The project defined a set of test cases which have been analysed experimentally and numerically. The list of test cases is:
- Profile NACA 0015
o Without control device
o With Plasma actuators
o With Synthetic Jets actuators
o With Micro-Blowing/Suction actuators
o With Pulsed Jets actuators
- Backward Facing Step
o Without control device
o With Plasma actuators
o With Oscillating surface actuators
o With Micro-Blowing/Suction actuators
o With Synthetic Jets actuators
o With Spanwise Vortex Generators
Regarding the experimental test cases, the primary objective of these experiments was to explore the possibility of influencing the mean flow downstream a backward-facing step or in the wake of a NACA0015 model by using a variety of actuators. The present investigations demonstrate the influence of these devices on the development of the free shear layer. Some of these actuators can provide a high mass injection or velocity ratio (synthetic jets, pulsed jets,…) when others can only promotes small amplitude perturbations in the natural flow (plasma actuators, piezoelectric actuators,…). For the latter actuators, the flow dynamic cannot be drastically changed without fine control strategies as developed in this project.
Regarding the proposed experimental researches as defined in the DoW, most of the proposal content has been conducted. Development of innovative actuators has been conducted, the dynamical behaviour of the separated boundary layer has been analysed by mean and time-resolved measurements, the wall signature of periodic structures existing in the separated layer has been identified, the most effective location for the actuator has been defined regarding a reduction or increase in turbulence, lock-in of coherent flow structures has been demonstrated.
Regarding the simulation tasks, the main objectives of WP3 are the comparison and validation of numerical results with respect to experimental data. Numerical computations will focus on the flow control mechanisms, especially the manipulation of the Reynolds stresses and the suppression of flow-separation.
The task in WP3 is to numerically study the basic flow (without flow-control devices) and to compare the results obtained with experimental data in order to verify the ability of the computational tools to reproduce the main features of the flow.
In the present study, the mesh requirements were first considered for simulating the uncontrolled “base” flows accurately in order to detect possible unsteady turbulent flow physics, such as the characteristic frequencies related to shear layer instability, flow separation or vortex shedding, etc. In the simulation of flow field with oscillating control devices, as with the oscillating surfaces and synthetic/pulse jet, moving mesh strategies were taken to simulate accurately the unsteady flow and the effects of oscillating control devices on the flow field characteristics.
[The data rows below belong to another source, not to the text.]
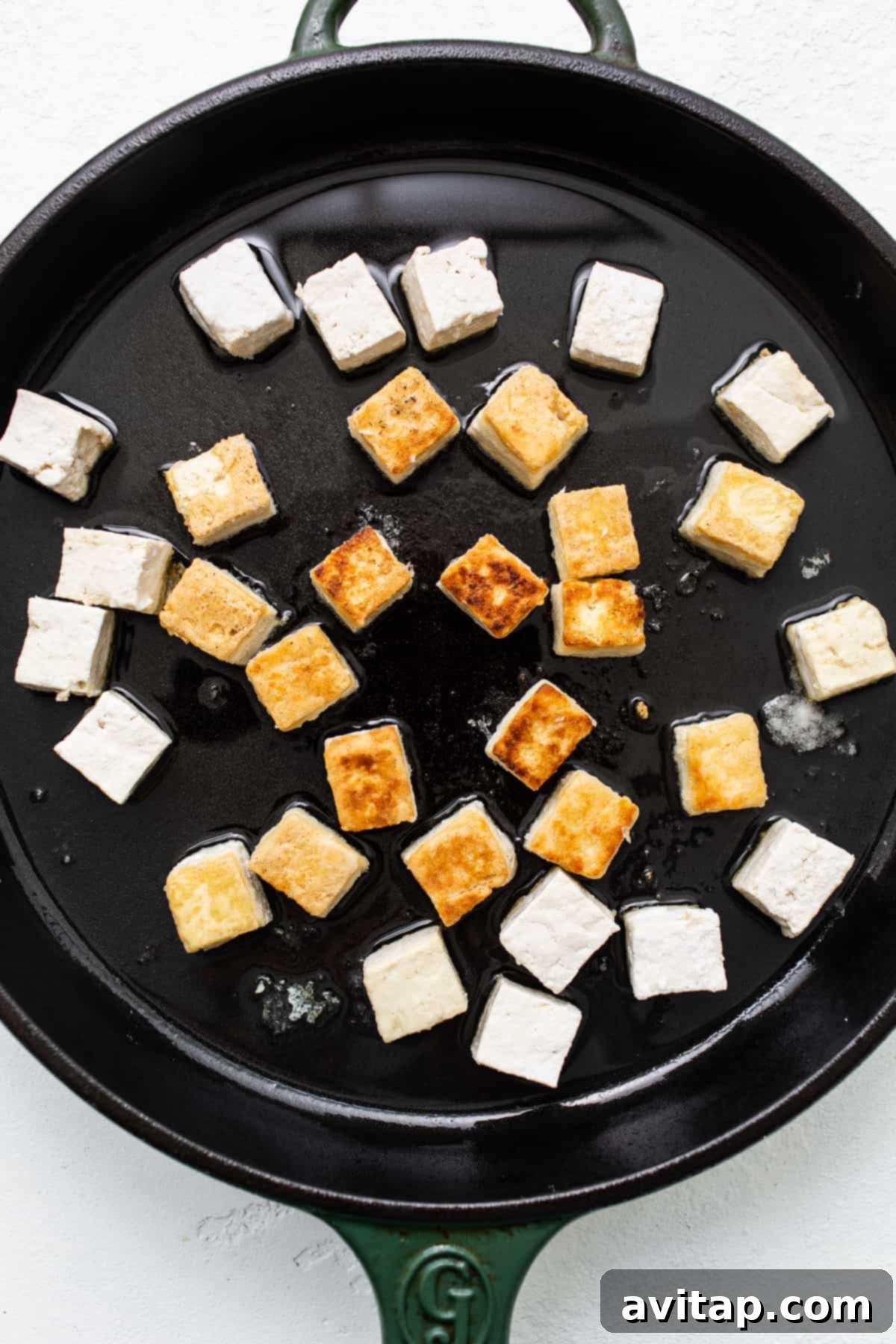 Crispy tofu frying in hot oil in a skillet.
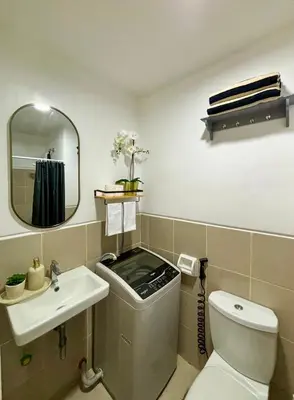 a bathroom with a toilet and a sink and a mirror at Cozy and Homey 1BR Condo at SMDC South Residences in Manila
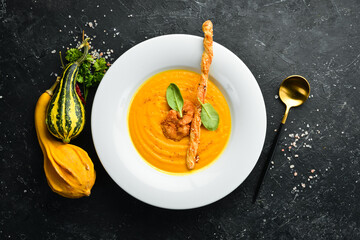Pumpkin soup with pumpkin seeds. Autumn menu. In a white plate. Top view.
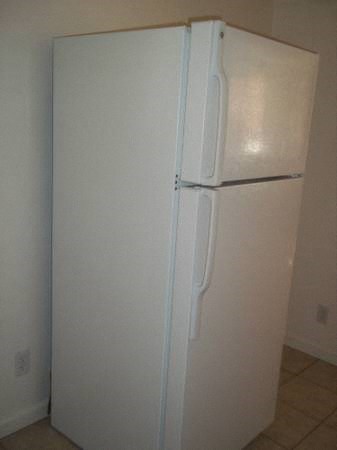 a white refrigerator in the corner of a room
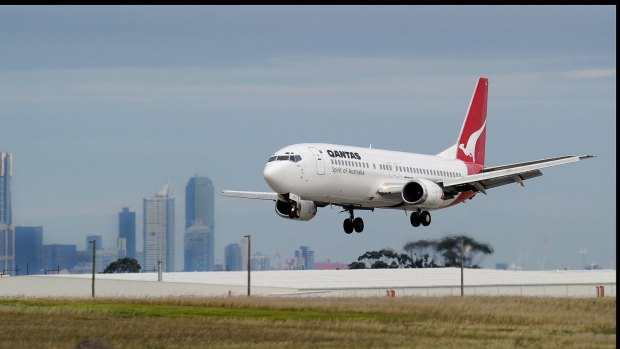 A Qantas flight lands in Melbourne. 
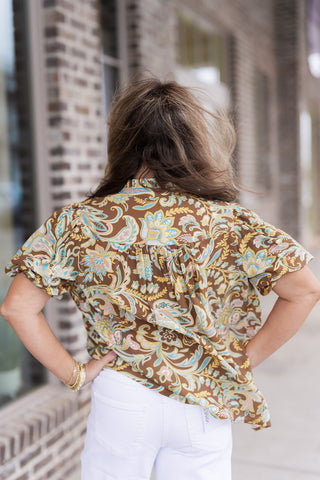 Rear view of the Amber Garden Blouse showcasing the consistent flow of the multi-colored floral and paisley print across the shoulders and back. This angle emphasizes the relaxed, flowy fit of the bodice and the soft gathering at the yoke. The model stands with her hands on her hips, highlighting the volume of the elasticated puff sleeves.
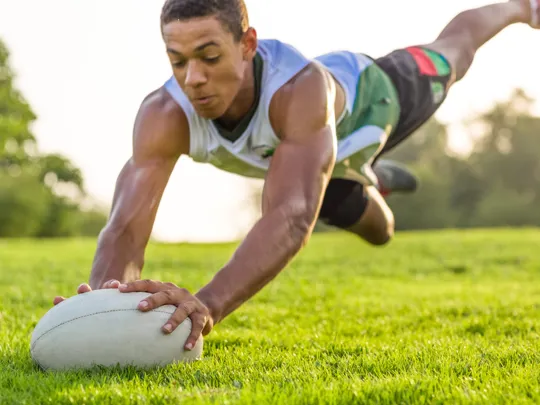 Young male homeschool student in Pretoria diving to score a try in a rugby game, highlighting sports opportunities for homeschoolers.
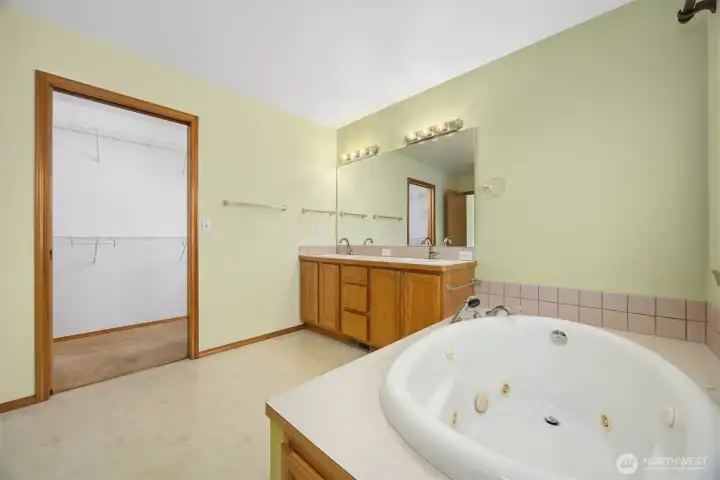 Primary bathroom with walk-in closet Primary bathroom with walk-in closet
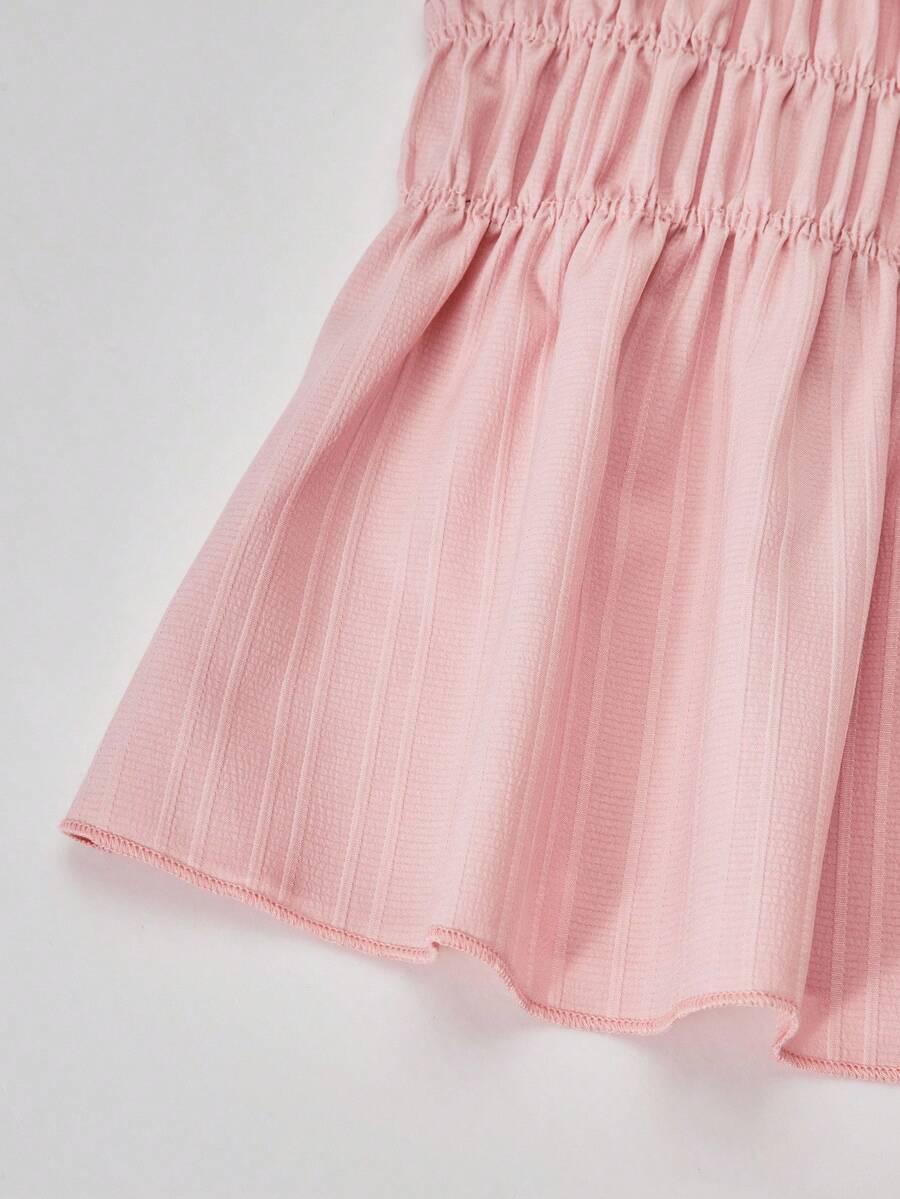 Tween girl wearing an apricot 2-piece outfit set featuring a shirred spaghetti strap short cami top and matching wide-leg long pants.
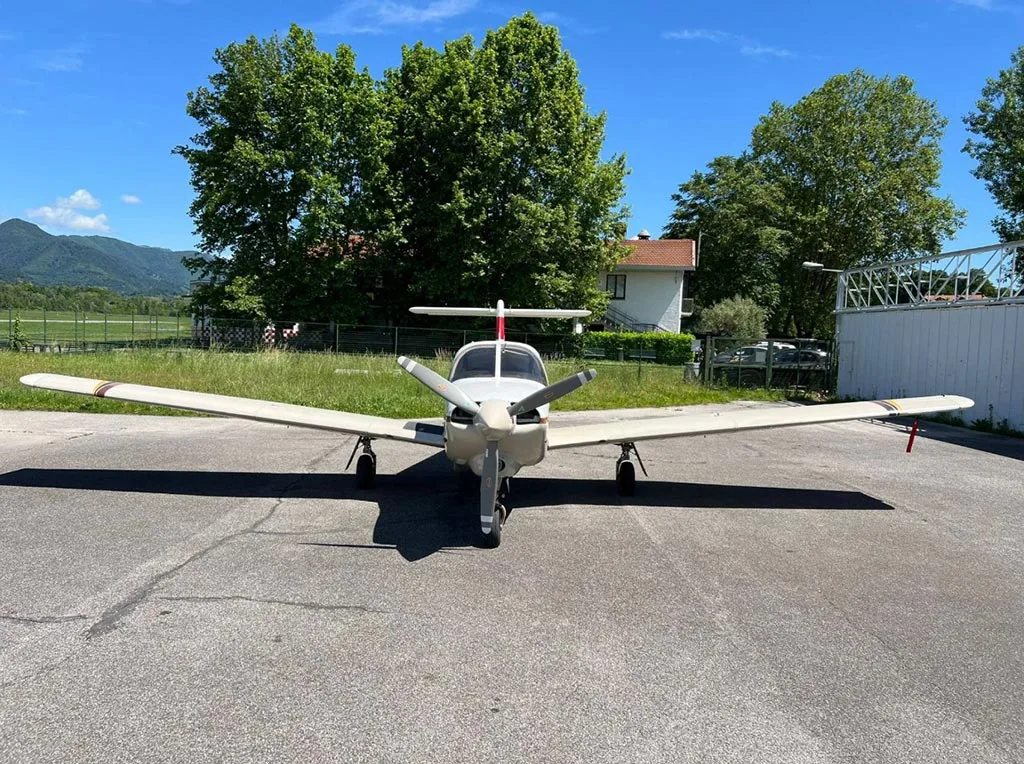 A frontal view of a white and brown Piper Arrow III parked on an asphalt apron with trees and a house in the background.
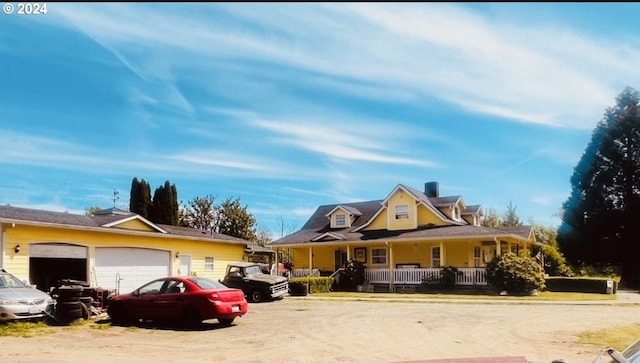 view of front of property with covered porch and a garage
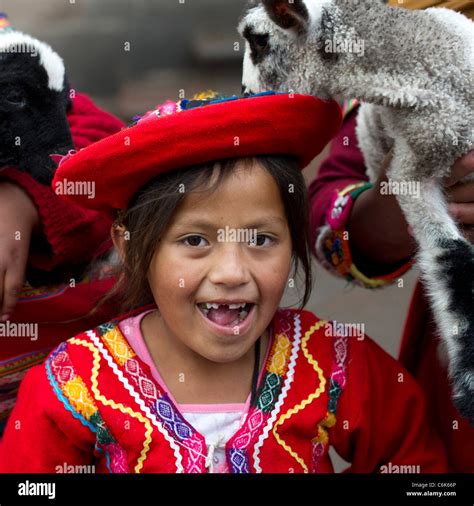 Portrait Of A Quechua Indian Girl With Kid Goats Cuzco Peru Stock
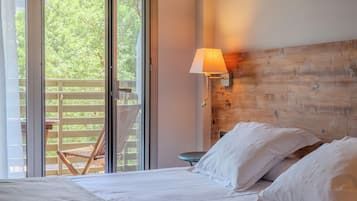 Un dormitorio con cama, almohadas, cabecera de madera, mesita de noche, lámpara y vistas al verdor a través de una puerta corrediza.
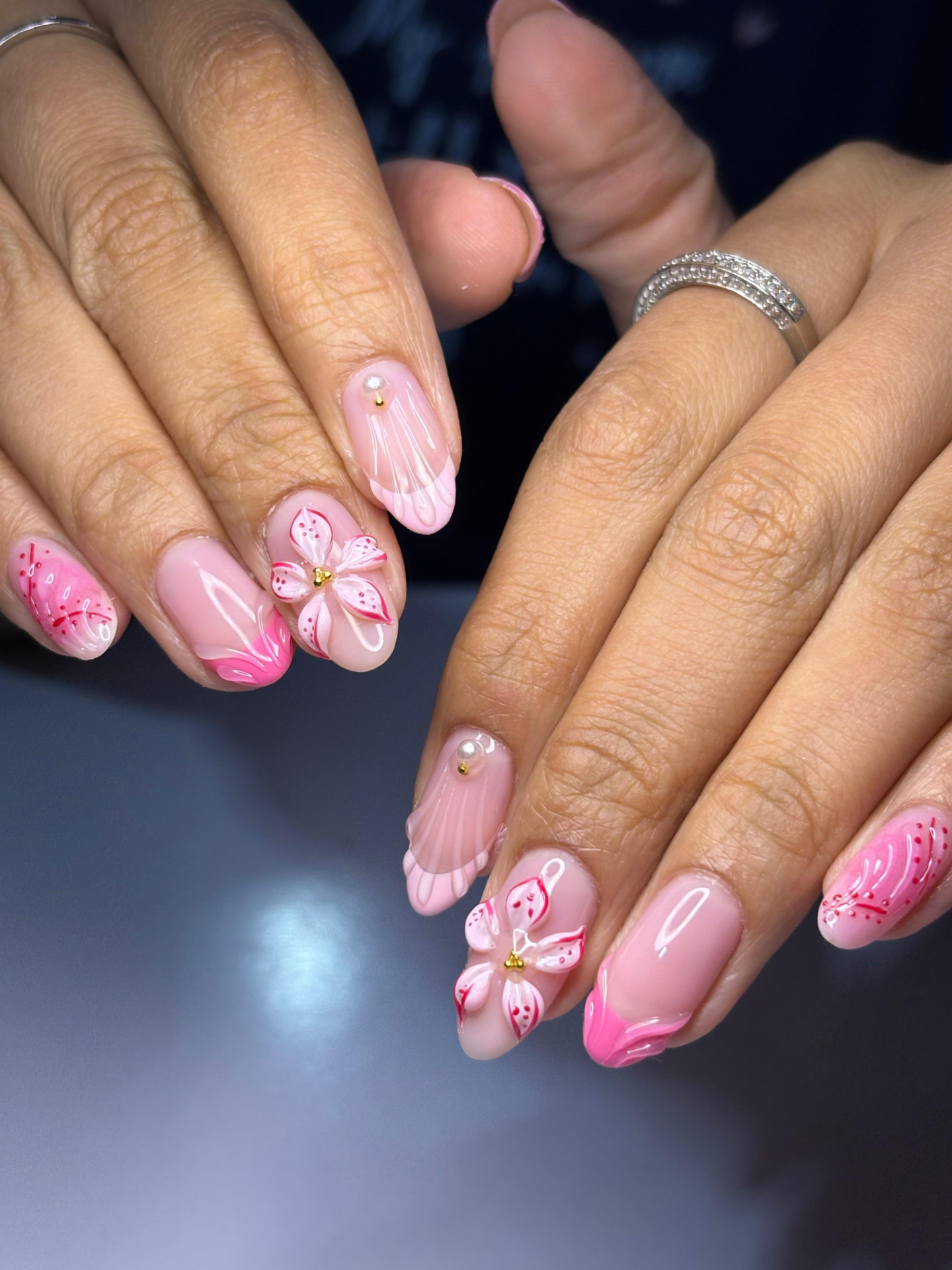 Pink nails with sculpted 3D flower and pearl embellishment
In WP3, the flow fields with active control devices were simulated as exactly the same as the experiments outlined in WP2, to validate the code and to identify the basic flow unsteady components and unsteady components from flow control devices. High accuracy numerical techniques have been developed to simulate the flow field with control devices in it, especially the techniques to simulate high frequency unsteady flow induced by flow control devices. From WP3 simulation the relationships of the unsteady property between the flow field and the frequency of devices were explored. The present consortium also investigated the interaction between the basic flow unsteady components and the unsteady components from the flow control devices to evaluate the proper control strategy for drag reduction as well as for separation control.
Integrating the contributions from all the partners, the conclusions related to the experimental analysis could be drawn as follows:
A. Measurement technique
Beside the ordinary measurement techniques, the advanced techniques, such as PIV, especially TOMO PIV, Global skin friction measurement and Data processing, play a very important role:
TOMO PIV, deployed by DLR for joint experimental campaign, provides the most detailed 3 dimensional information of turbulent flow and evaluates accurately the effectiveness of different actuators
Global skin friction measurement is based on fluorescent oil film and can provide detailed information of skin friction on a surface qualitatively and quantitatively. This is especially useful for present project.
Data processing requirement for present project is to extract Reynolds stress and individual organized motion in the controlled shear layer. This has been done by phase average technique and energetic decomposition such as proper orthogonal decomposition.
B. Development and deployment of actuators
Eight different flow control actuators are deployed for BFS and/or NACA0015. The effectiveness from experimental results of present project indicate the some promising actuators.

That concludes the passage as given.